1. Pricing/Payment Due. By agreeing to the online ordering system found on websute, Customer agrees that all orders are subject to Bio-Safe One policies as outlined in previous policy sections any multiple item orders, special orders, phone orders are considered a final sale with no cancellation allowed by customer, and payment for the order is due immediately at time of purchase either online, phone or other. as per the terms of this agreement. BSO will not be bound by this Agreement until it has been approved and executed by an authorized BSO executive. BSO’s executive office reserves the right to modify the order price prior to approval, and will not be bound by any prices seen elsewhere or mentioned by salespeople or sales ad. Payment in full for all orders is due via credit/debit card, check or money order at the time of purchase (at the time of the signing of this form) prior to shipment. In the case of checks, order will not be shipped until the check clears. If payment has been made by credit card, Customer agrees not to charge back or refute such charges.

2. Quantities. Customer agrees that BSO reserves the right to change quantities before or after executive office approval, subject to availability.

3. Shipping. Orders will shipped as product times and shipping times allow, but Special, Multiple and bulk orders may take 30 Days to 120 Days or more to ship depending on size and type of order. There will be additional customs and other type of charges for international orders, and for shipping to Alaska, Puerto Rico, and Hawaii. Customer will be responsible for all additional costs for international shipping,including but not limited to customs, duties, taxes, and other fees.

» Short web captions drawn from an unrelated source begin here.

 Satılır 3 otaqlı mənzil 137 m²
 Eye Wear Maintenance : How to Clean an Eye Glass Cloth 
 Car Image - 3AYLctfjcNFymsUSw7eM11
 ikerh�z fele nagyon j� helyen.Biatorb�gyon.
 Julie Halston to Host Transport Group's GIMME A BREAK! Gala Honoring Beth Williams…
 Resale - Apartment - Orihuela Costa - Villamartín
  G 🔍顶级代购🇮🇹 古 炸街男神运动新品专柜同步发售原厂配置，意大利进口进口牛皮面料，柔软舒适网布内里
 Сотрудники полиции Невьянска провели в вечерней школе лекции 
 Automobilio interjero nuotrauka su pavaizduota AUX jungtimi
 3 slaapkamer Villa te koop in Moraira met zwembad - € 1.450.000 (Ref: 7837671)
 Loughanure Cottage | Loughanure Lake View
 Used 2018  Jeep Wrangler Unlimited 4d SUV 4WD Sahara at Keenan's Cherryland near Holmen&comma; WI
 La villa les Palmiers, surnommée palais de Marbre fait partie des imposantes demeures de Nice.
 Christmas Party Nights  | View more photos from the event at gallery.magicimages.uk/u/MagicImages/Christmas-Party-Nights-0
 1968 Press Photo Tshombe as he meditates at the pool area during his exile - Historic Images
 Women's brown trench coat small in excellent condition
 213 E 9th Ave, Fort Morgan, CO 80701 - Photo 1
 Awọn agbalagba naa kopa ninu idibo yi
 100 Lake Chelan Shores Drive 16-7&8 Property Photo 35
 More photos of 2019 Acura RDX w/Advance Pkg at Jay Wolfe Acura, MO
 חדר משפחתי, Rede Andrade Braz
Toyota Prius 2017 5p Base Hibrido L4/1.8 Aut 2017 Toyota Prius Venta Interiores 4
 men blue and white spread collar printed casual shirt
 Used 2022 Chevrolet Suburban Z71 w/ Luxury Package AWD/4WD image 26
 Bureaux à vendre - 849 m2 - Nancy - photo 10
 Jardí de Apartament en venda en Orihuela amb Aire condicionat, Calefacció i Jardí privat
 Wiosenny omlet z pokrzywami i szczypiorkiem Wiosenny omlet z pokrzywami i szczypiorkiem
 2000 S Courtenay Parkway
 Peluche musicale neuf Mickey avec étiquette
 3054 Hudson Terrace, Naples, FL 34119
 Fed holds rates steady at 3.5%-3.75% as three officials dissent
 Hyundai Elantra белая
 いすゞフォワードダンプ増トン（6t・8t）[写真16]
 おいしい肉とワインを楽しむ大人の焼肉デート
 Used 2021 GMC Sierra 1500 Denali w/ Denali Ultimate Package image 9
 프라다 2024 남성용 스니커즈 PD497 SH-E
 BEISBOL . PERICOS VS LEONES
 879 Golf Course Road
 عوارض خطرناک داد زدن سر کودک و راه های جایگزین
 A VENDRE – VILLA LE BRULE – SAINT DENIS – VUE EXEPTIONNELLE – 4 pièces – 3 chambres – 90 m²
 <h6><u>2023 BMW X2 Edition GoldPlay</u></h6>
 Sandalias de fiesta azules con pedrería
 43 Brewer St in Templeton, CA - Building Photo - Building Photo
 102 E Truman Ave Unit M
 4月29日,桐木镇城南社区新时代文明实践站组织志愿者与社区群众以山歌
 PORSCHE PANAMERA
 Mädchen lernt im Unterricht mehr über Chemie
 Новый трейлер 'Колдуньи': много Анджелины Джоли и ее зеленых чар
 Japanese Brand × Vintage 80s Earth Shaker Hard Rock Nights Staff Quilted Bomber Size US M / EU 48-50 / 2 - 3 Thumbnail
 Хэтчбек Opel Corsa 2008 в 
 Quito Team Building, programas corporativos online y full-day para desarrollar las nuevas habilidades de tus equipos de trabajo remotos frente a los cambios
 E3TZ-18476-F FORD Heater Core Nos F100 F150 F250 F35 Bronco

4. Delivery Problems. Customer agrees to notify BSO within twenty-four (24) hours of expected delivery date of any delivery problems, and will allow up to forty-five (45) days for BSO to investigate the claim with the shipping carrier. If BSO substantiates said Customer’s claim, undelivered product will be replaced. Shipment will be made to Customer’s address given when order was placed, and BSO will not be liable for any subsequent changes in address, unless notified prior to shipment. If payment has been made by credit card, Customer agrees not to charge back or refute such charges.

5. Refusal of Shipment. Customer agrees not to refuse shipment on this order for any reason. In the event that Customer does refuse shipment, Customer will be fully liable for round trip shipping costs as well as the full cost of the order, together with any and all costs and attorney’s fees expended by BSO in an effort to collect same as per this agreement.

6. Late Fees, Collections, Attorney Fees, Court Costs, Penalties. If Customer refuses payment due by attempting to cancel an order once placed, refusing shipment, charging back or refusing to pay for a signed or fully executive online purchase then Customer will be liable for the full invoice balance, plus all past due principal and interest; this shall bear interest until paid at the highest rate allowed by applicable New York State law and late fees in the amount of one hundred dollars per month, a twenty five percent (25%) collection fee, any attorney fees of BSO, and all court costs. Additionally, in the event of a bounced check, BSO hasthe right to be reimbursed for bank check fees pursuant to New York State collection law.

7. Returns. Orders, including but not limited to multiple, special and bulk orders, are nonreturnable once the order has been placed and/or payment made, regardless of delivery problems.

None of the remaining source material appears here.